• We’re currently investigating an issue related to the forum theme and styling that is impacting page layout and visual formatting. The problem has been identified, and we are actively working on a resolution. There is no impact to user data or functionality, this is strictly a front-end display issue. We’ll post an update once the fix has been deployed. Thanks for your patience while we get this sorted.

Question Zen 6 Speculation Thread

Page 270 - Seeking answers? Join the AnandTech community: where nearly half-a-million members share solutions and discuss the latest tech.
Do they give higher uplift in SPEC specifically compared to other codebases? I remember Phoronix was doing AOCC against vanilla clang, but since Phoronix is not doing SPEC I was not able to find a place that would compare the two (aocc vs vanilla clang) on the same hw/os in SPEC.
I only know that it has impacts on parts of SPEC. In my experience too often the optimizations targetting SPEC have little interest outside of it, but that's only my dated experience 😉
 
One easy way to see that CPU design affects power is that different architectures use different numbers of transistors and power is directly related to the number of transistors in your design (static portion of total power unless power gated) and the number of transistors switching at any given time (dynamic portion of total power).
True. Still, something is always given up. Die size, clock speed, PPA, etc. You can't win on all sides at once.

Clever CPU designs do a better job of making the trade-offs though 🙂.
Stop dogging Intel bruh, I thought you were rooting for them.
I absolutely am rooting for them! I don't wish for them to rely on US tax payer money forever though. I want them to actually be competitive.

I think that BSPDN and GAA in one step was very very risky. Intel only did this because they felt it was the only way to jump ahead of TSMC. My fear is that the gamble will not pay off.

I also feel their lack of SMT is killing them in DC where they used to reign supreme.

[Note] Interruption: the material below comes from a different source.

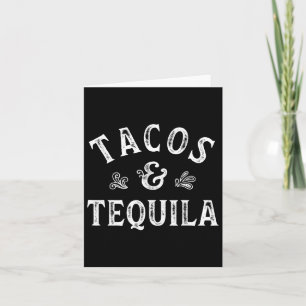 Tacos And Tequila Cinco De Mayo Men Women Mexican  Card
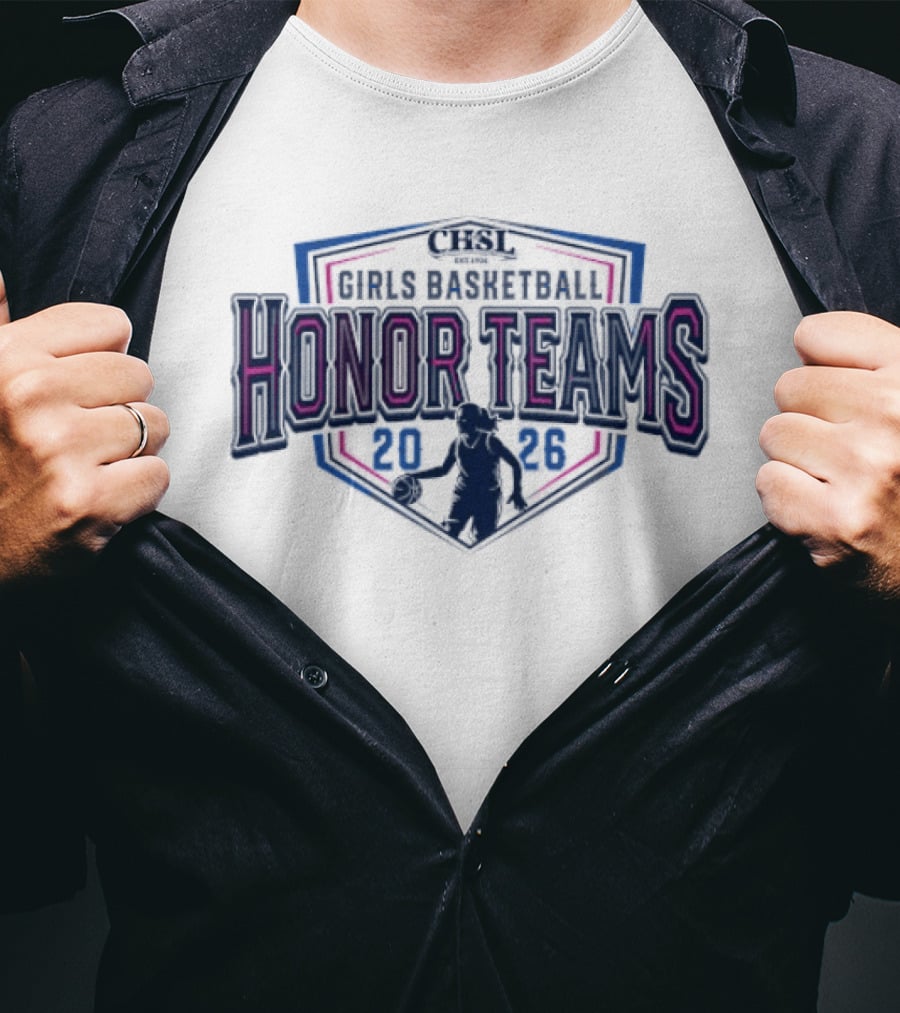 2026 CHSL Girls Basketball Honor Teams T-Shirt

These kinds of strategic mistakes are troubling for anyone who is rooting for Intel IMO.
 
neither is really the problem.
Intel just has bad cores, bad fabric, bad etc.
Honestly IMO there's no point of fabbing anything at TSMC if they couldn't compete even if they did.
ARL on TSMC might have outright been a strategic mistake in hindsight, but then again with 20A canned they might have been stuck on MTL-R if they didn't use TSMC lmao.
 
The sad part is that, in the context of MTL(R) as seen in ARL-U, Intel 3 isn't a bad node. It is my opinion that they under invested in building it out, or it just ran too late for what they needed, to have been used for ARL proper, or for ARL(R) instead of TSMC. Of course, I'm not privy to the number of wafers that the committed to at TSMC on N3B and they may have just been in a situation that it didn't make any economic sense to use anything else.
 
The sad part is that, in the context of MTL(R) as seen in ARL-U, Intel 3 isn't a bad node. It is my opinion that they under invested in building it out, or it just ran too late for what they needed, to have been used for ARL proper, or for ARL(R) instead of TSMC. Of course, I'm not privy to the number of wafers that the committed to at TSMC on N3B and they may have just been in a situation that it didn't make any economic sense to use anything else.
Given how N3B turned out, I think Intel deff has some regrets. I still think it's the best node Intel could have gotten at the time... but still...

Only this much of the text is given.